Life is indeed a rich tapestry and yet, all our choices in life are for the pursuit of either short-term or long-term happiness. All of us would prefer to experience peace, joy and love, rather than agitation, sadness and anger. Every living being without exception, given a choice would prefer not to suffer. At the moment our peace of mind is very precarious because we rely on external factors for our happiness that are fundamentally unreliable. It can be shattered within a few seconds if we come into contact with something that triggers a negative reaction in us. A few harsh words from someone at work or home are enough to make us feel miserable for the rest of the day. We cannot control the world to make it behave the way we want, no matter how hard we try we cannot stop people doing things that upset us. Is it possible instead to change our own reaction mechanisms so that even when those external triggers happen, they bring no threat to our peace of mind? When we do act to bring about change can we do so from a base of calm and open awareness rather than a place of agitation, fear or hatred? Yoga teaches us that this is indeed possible, that we can reach a point at which the external triggers have no power over us, we can maintain our balance of mind and in turn our actions have a balancing and positive effect in the world. When we do act to bring about external change we are able to do so from a base of peace and compassion rather than a place of agitation, fear or anger. It is so easy to want to change things ‘out there’ and it is so difficult to think of changing the habit patterns of our own mind. Raja Yoga certainly does not teach us to be passive or accept wrong, but it teaches us that change begins with ourselves.

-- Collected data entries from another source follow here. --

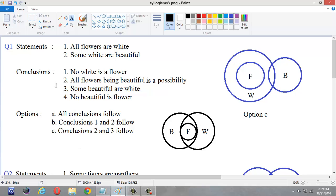Here comes the first example. Let us see the statements. The first statement says all flowers are white and some white are beautiful. We already know that we have to draw one diagram first. So all flowers are white and some white are beautiful — this figure represents the statements. Now, let us see the conclusions.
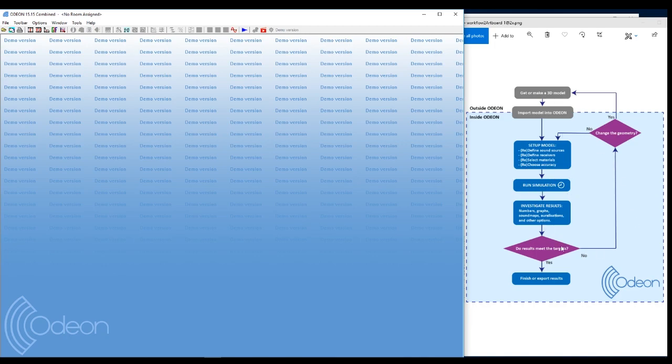Because the simulation time is quite short, you can have an iterative process where you redo this process many times to find the right source positions or the right materials or what you're looking for. So we'll just try to do that.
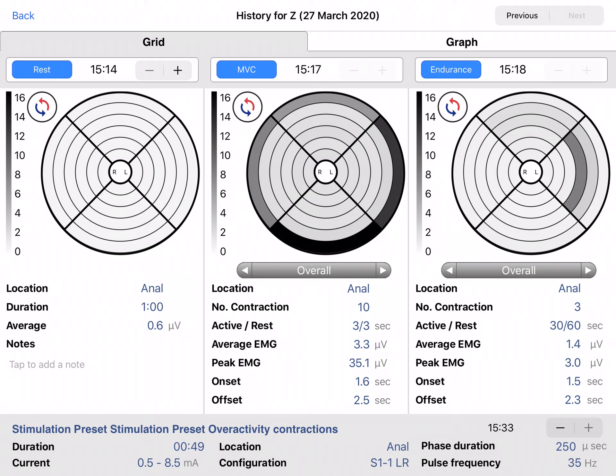The stimulation data is shown at the bottom of the page. You see the stimulation preset name, the duration, current, location, configuration, phase duration and pulse frequency. Multiple stimulation sessions per visit can also be saved.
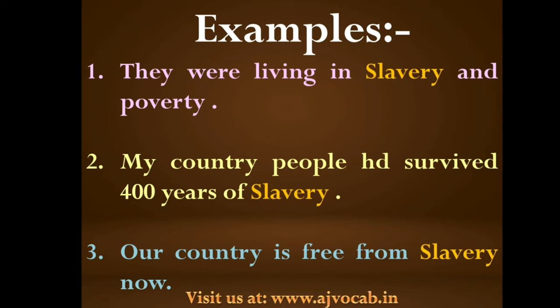Second example: 'My country's people survived 400 years of slavery.' My country's people survived 400 years of GULAMY.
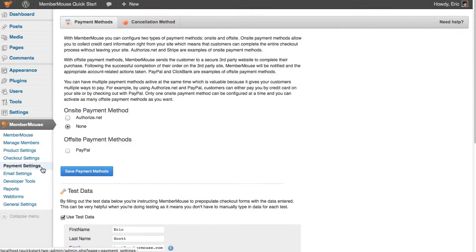For example, on the same site, you could accept both credit card payments on your site through Authorize.net, and allow customers to pay using PayPal.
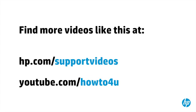You can find additional helpful videos at hp.com slash support videos, and on our YouTube channel, youtube.com slash howto4u.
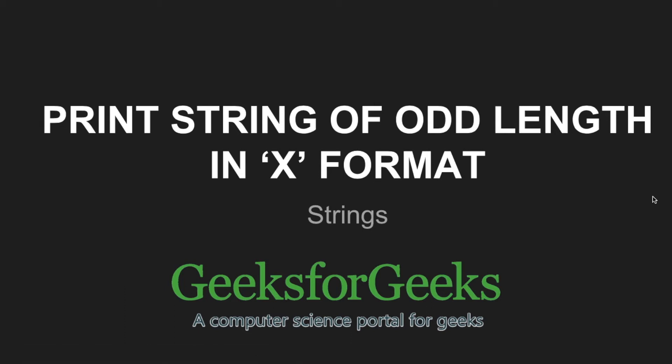Hi friends. Welcome to GeeksforGeeks. This is a video tutorial on how to print strings of odd length in X format.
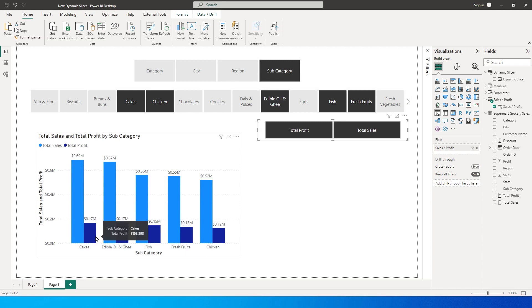That's it for this tutorial — one chart that can address all your columns, subcategories, cities, regions, and more. I'm quite excited to use this feature in my dashboards and I hope you are as well. Please consider subscribing to my channel for more such tutorials.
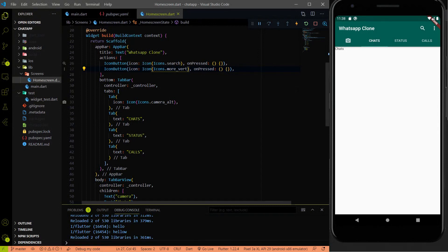Hello everyone, welcome to the Devistag channel. In the last video of this series, we started the work of the flutter chat UI creation where we added the app bar and we also added the list app bar. If you didn't watch that video, then you can find the first video link in the description.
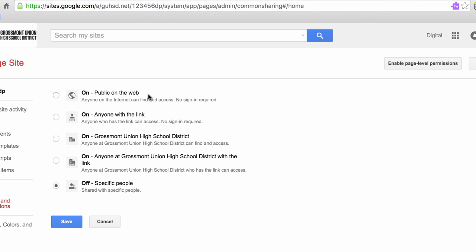We could change it to public on the web. That means everyone in the world could search and find our website. We could change it to anyone with link. That means if I gave anyone the link, I emailed it, sent it via another social media site, they would go ahead and click on it and open it and access my website.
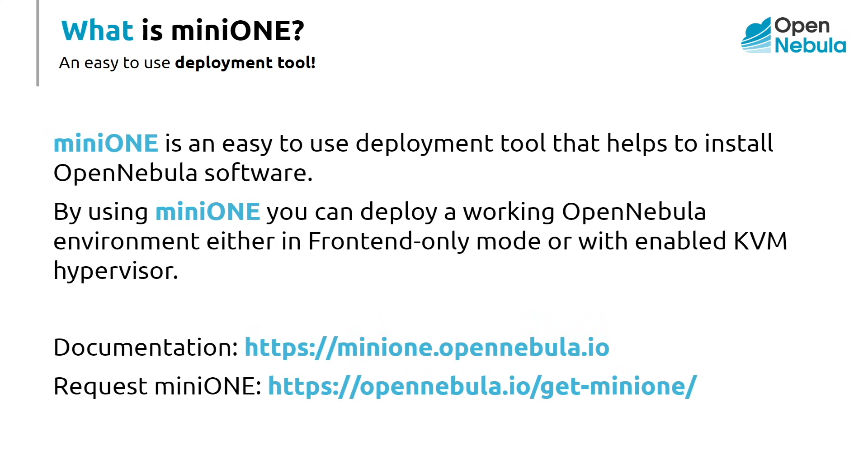First of all, for anyone who isn't aware what MiniOne is, it is an easy to use deployment tool that helps to install OpenNebula software. By using MiniOne, you can deploy a working OpenNebula environment either in front-end only mode or with an enabled KVM hypervisor.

Raja Yoga is concerned with alleviating suffering through self-awareness and personal growth. The first stage of self-awareness is knowing that change is possible and that change comes from within. Raja Yoga is the science of developing harmony and overcoming disharmony, with ourselves, with the people around us and with the environment we live in, in order to be happy, peaceful, and a positive influence in the world.